Les habitants rencontrés dans des parcs en ville ou des espaces naturels périurbains font preuve d’une sensibilité et développent un discours sur leur environnement. Près de Bordeaux, ils sont confrontés à un bassin urbain parsemé d’îlots de vignobles ou d’espaces naturels, tandis que dans les communes limitrophes de Périgueux, les habitants vivent dans des îlots d’habitations au milieu d’espaces forestiers. Malgré cette apparente disparité paysagère, en tant qu’usagers d’origine citadine, leurs représentations de la grande faune sauvage sont assez similaires.

 

« Plus on restreint leur cadre de vie, obligatoirement ils vont investir notre cadre de vie, je pense que tout le monde en est conscient. »

(Anne, Périgueux)

 

Le quotidien des personnes rencontrées est d’abord marqué par une séparation entre le domicile, le quartier, et l’ensemble de la ville. La présence des sangliers dans l’espace domestique (jardin du domicile) ou dans les rues est connotée négativement, alors que leur présence dans les forêts et parcs du quartier et de la ville est acceptée en tant que lieux de vie sauvage que les humains se sont appropriés. Cette séparation spatiale et symbolique produit des échelles de représentations distinctes (Bromberger, 1987), et elle permet aux habitants de combiner une volonté de réguler les sangliers près du domicile tout en préservant la biodiversité en ville.

Les personnes rencontrées distinguent également les espèces végétales ou les petits mammifères et la grande faune (ongulés, cervidés). Les premiers participent à la définition du cadre de vie périurbain recherché et il est donc possible de cohabiter, tandis que les seconds sont représentatifs d’un imaginaire rural, forestier ou montagnard, opposé à la vie urbaine. Il s’agit alors pour les usagers de séparer deux espaces (notamment les zones boisées et des zones habitées) par une frontière que ni les humains, ni les animaux ne doivent franchir.

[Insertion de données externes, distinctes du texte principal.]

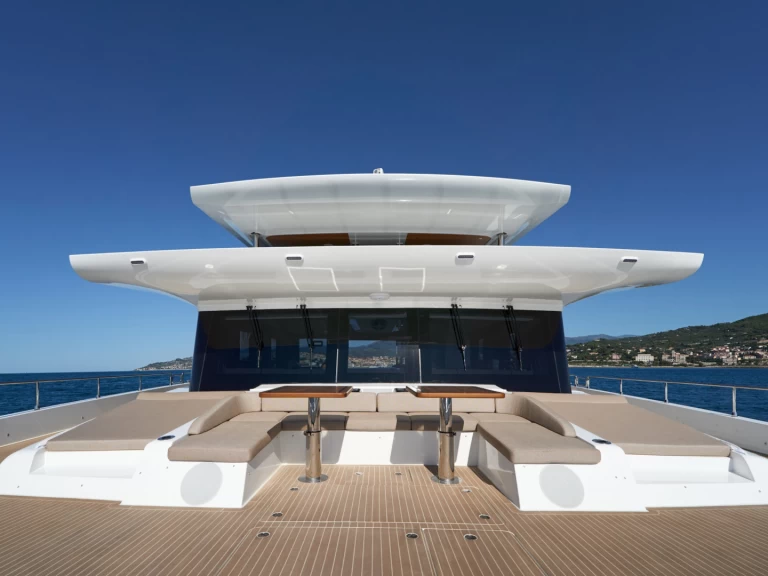  VisionF E-Cat 80 mieten Diano Marina
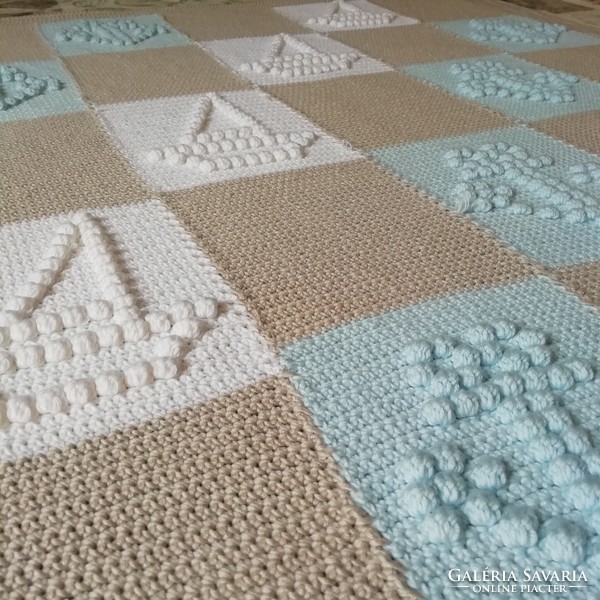 Children's blanket crocheted 90x104 cm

Dès lors, ces représentations des interactions avec les animaux participent à la définition d’une culture de l’habiter périurbaine. L’idéal d’un cadre de vie en contact avec la flore et la petite faune (arbres, fleurs, écureuils, oiseaux, etc.) conduit les habitants à rejeter toute forme d’expansion urbaine qui vient perturber cet écosystème de leur quartier. La végétalisation urbaine est donc encouragée, tandis que la régulation de la grande faune semble nécessaire afin d’éviter les accidents routiers et les dégâts dans les champs et jardins.

 

« Si on commence à laisser les chasseurs venir ici et tirer sur tout ce qui bouge… Ça doit être limité, ils ne doivent pas s’approcher des villes trop près ! »

(Michel, Périgueux)

 

Par ailleurs, pour défendre cette frontière établie entre humains et grande faune sauvage, les habitants investissent les chasseurs d’un rôle de gardiens à la lisière entre les réserves sauvages boisées et les zones habitées, mais sans pénétrer dans l’un ou l’autre. Or, les chasseurs suivent les sangliers qui, mobiles, ne connaissent pas ces frontières1. Des conflits éclatent entre chasseurs et habitants, car ces derniers rejettent la présence des chasseurs près des espaces résidentiels. Les scientifiques de toutes les disciplines, par leur compréhension globale de ces transformations sociales, détiennent donc souvent les clés d’un dialogue renoué entre ces acteurs.

Zoé OLIVER

 

Le premier volet de cette série est paru dans altermidi Mag#5 aout sep oct 2022

Notes:

  1. Mathevet, R., Bondon, R., Mounet, C., Chamaille-Jammes, S., 2021. « Passer les limites, rythmer le territoire. Paysage et mobilité du sanglier en Valbonnais (Isère, France) », Géocarrefour, vol.95 n°4 [En ligne].